BEGIN

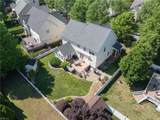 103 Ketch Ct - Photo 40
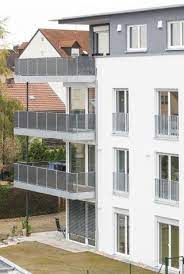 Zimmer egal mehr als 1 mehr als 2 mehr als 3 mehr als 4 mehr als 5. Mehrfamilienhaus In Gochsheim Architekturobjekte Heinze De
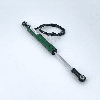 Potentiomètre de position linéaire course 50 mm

END
BEGIN

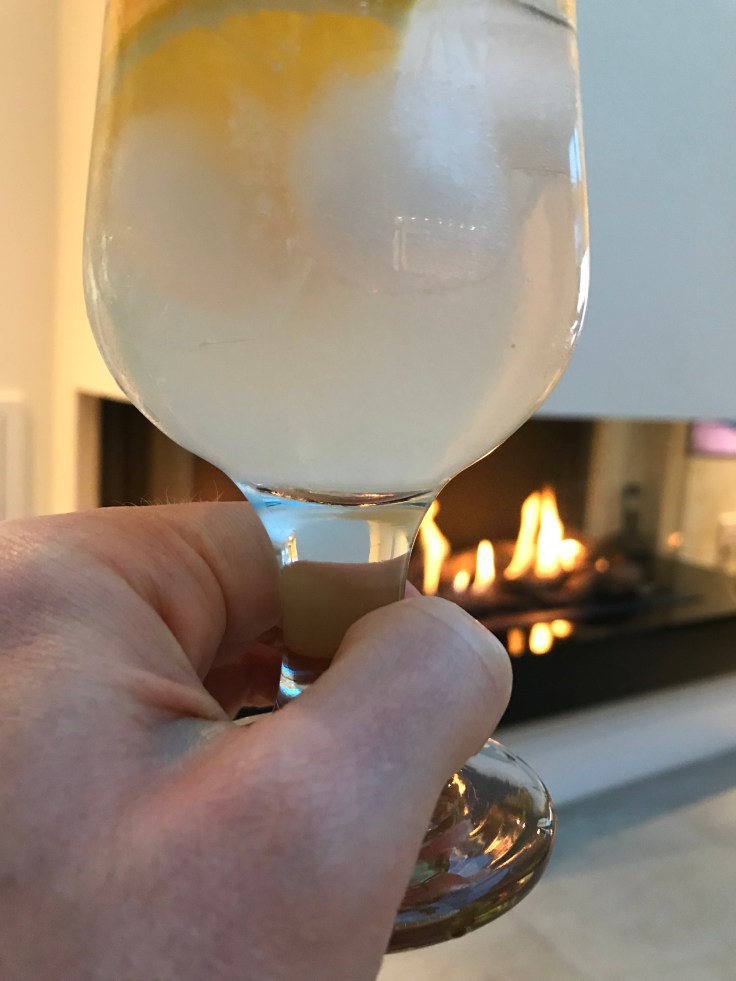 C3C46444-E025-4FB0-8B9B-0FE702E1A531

END
BEGIN

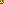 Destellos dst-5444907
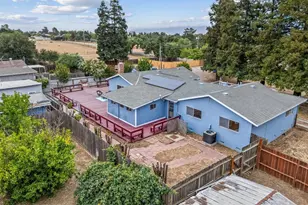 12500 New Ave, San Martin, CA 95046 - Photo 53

END

Set down, exactly as written above, each line from the one with "103 Ketch Ct - Photo 40" through the one with "Potentiomètre de position", and skip the pictures.

• **TASK OUTPUT**
 103 Ketch Ct - Photo 40
 Zimmer egal mehr als 1 mehr als 2 mehr als 3 mehr als 4 mehr als 5. Mehrfamilienhaus In Gochsheim Architekturobjekte Heinze De
 Potentiomètre de position linéaire course 50 mm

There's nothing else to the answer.